I heard or seemed to hear the chiding Sea

Say, Pilgrim, why so late and slow to come?

Am I not always here … ?


… I with my hammer pounding evermore
The rocky coast, smite Andes into dust,

Strewing my bed, and, in another age,

Rebuild a continent of better men.

Then I unbar the doors: my paths lead out

The exodus of nations: I disperse

Men to all shores that front the hoary main. …

Ralph Waldo Emerson, “Seashore”
 

At the height of his career—in 1885—the artist Edward Moran, then living in New York, launched a project that he considered the crowning glory of his artistic life. He would paint a series of thirteen pictures that would represent what he called the “Marine History of the United States,” from the first explorers up until his own time.

It was a natural theme for Moran: at the time, he was undoubtedly one of the most famous seascapists in the United States. The path to that eminence had had its beginnings in 1829 in a lowly weaver’s cottage in Lancashire, England, where the nearby Irish Sea provided the future artist with his first glimpse of a subject he would never tire of portraying. Edward Moran was the oldest son of a large family that included two other artists. His brother Thomas would become famous for his romantic canvases of the American West; another brother, Peter, would win renown as a painter of animals. At an early age Edward was put to work at the loom, but he found time now and then to sketch with charcoal.
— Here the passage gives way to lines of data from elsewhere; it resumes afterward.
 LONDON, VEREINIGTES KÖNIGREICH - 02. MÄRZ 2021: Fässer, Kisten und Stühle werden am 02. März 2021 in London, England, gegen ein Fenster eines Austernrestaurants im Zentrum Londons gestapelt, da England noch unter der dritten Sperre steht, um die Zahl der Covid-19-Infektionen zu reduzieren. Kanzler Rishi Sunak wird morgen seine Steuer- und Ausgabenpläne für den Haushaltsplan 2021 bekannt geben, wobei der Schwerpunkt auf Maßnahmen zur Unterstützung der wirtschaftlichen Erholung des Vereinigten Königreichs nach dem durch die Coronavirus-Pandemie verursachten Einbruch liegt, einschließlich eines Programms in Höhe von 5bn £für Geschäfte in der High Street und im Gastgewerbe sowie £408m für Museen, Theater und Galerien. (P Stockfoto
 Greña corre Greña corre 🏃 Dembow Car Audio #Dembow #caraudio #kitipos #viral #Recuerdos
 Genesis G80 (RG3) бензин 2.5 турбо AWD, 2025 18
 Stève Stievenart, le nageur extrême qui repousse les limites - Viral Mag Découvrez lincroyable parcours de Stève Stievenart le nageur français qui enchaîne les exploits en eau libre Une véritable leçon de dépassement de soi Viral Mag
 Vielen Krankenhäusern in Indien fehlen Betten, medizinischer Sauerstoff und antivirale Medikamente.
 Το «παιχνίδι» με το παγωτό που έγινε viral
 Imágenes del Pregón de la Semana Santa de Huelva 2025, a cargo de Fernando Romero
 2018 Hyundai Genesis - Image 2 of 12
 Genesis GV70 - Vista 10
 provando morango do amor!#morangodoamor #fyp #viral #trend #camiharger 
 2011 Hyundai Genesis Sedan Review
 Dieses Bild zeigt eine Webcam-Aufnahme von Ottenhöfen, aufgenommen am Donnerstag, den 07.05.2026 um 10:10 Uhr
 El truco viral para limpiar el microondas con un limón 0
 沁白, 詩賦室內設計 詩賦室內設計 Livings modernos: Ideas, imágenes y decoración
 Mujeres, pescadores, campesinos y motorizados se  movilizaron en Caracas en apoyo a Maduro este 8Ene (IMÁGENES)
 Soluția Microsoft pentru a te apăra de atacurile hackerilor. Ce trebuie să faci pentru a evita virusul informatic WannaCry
In 1844 the Morans hopefully joined the thousands of poor English artisans then emigrating to the United States. They settled in Maryland, but the shore of the Chesapeake proved to be no more of an Eldorado than the shore of the Irish Sea, and the family was soon forced to fall back upon the weaver’s trade. This was not the promise that Edward Moran had hoped to find in America, and, still in his teens and without a cent in his pocket, he walked to Philadelphia in search of opportunity. He had—by chance—come to the right place. For most of the nineteenth century, Philadelphia was the artistic capital of the United States, nurturing such talented artists as the Peales, Thomas Hovenden, Thomas Eakins, Mary Cassatt, Robert Henri, and John Sloan.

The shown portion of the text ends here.